Function cohesive_blocks 

pub fn cohesive_blocks(graph: &Graph) -> IgraphResult<CohesiveBlocks>

Identify the hierarchical cohesive block structure of a graph.

Cohesive blocking (J. Moody and D. R. White, “Structural cohesion and embeddedness: A hierarchical concept of social groups”, American Sociological Review 68(1):103–127, 2003) determines nested subsets of vertices ordered by their structural cohesion (vertex connectivity). The whole graph is the root block; each block’s maximally more-cohesive subsets are found recursively by removing minimum-size separators.

The returned CohesiveBlocks reports, for every block, its vertex set (sorted ascending), its cohesion, its parent in the hierarchy, and the hierarchy itself as a directed tree. Block 0 is always the whole graph with parent = -1.

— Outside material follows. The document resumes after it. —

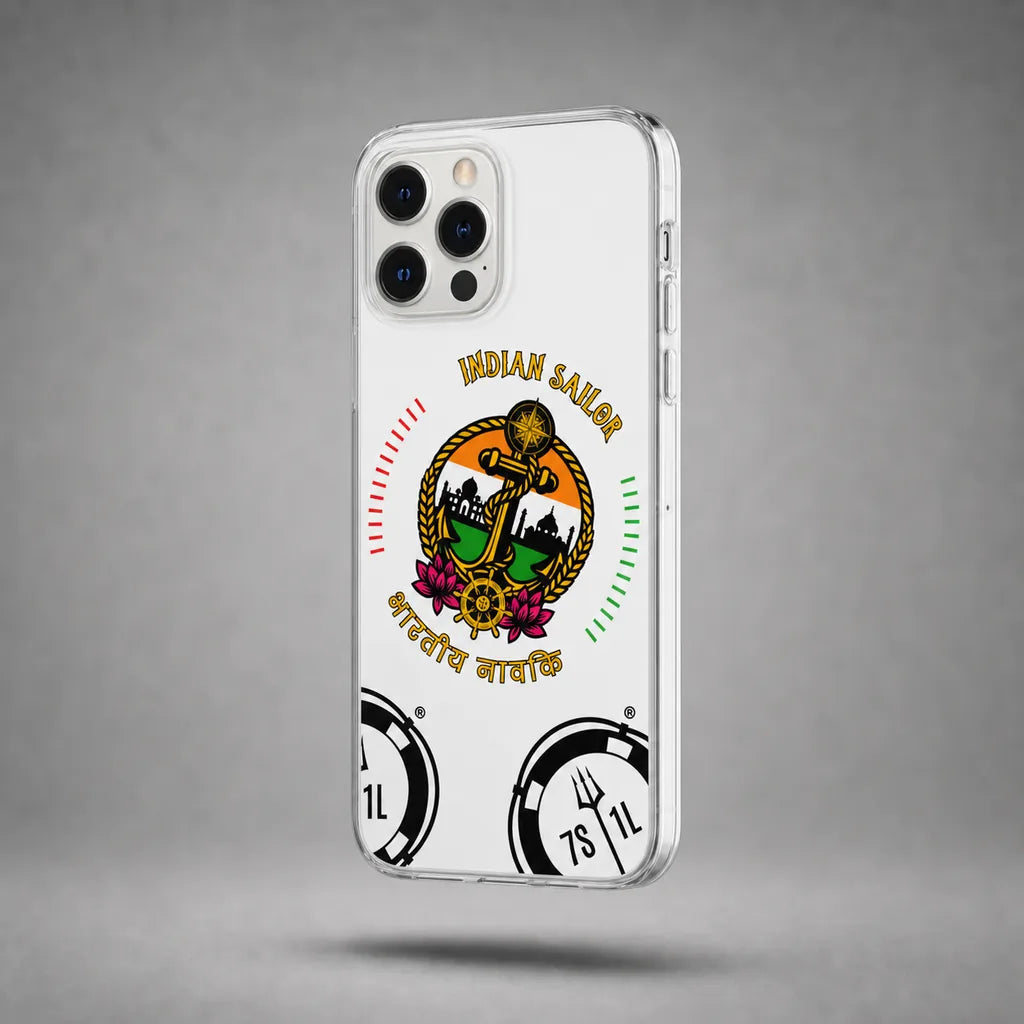 Clear Indian Sailor case for iPhone 12 Pro with maritime anchor artwork, floating above a grey studio floor with a soft shadow.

For undirected, simple graphs only.

Errors

• IgraphError::InvalidArgument if the graph is directed.
• IgraphError::InvalidArgument if the graph is not simple (has self-loops or multiple edges).

Examples

use rust_igraph::{Graph, cohesive_blocks};

// A 4-clique 0-1-2-3 with a pendant path 3-4-5: the clique is a more
// cohesive block (connectivity 3) inside the whole graph.
let mut g = Graph::with_vertices(6);
for (a, b) in [(0, 1), (0, 2), (0, 3), (1, 2), (1, 3), (2, 3), (3, 4), (4, 5)] {
    g.add_edge(a, b).unwrap();
}
let cb = cohesive_blocks(&g).unwrap();
assert_eq!(cb.blocks[0], (0..6).collect::<Vec<_>>());
assert_eq!(cb.parent[0], -1);
// The 4-clique appears as a block with cohesion 3.
assert!(cb.blocks.iter().zip(&cb.cohesion).any(|(b, &c)| b == &[0, 1, 2, 3] && c == 3));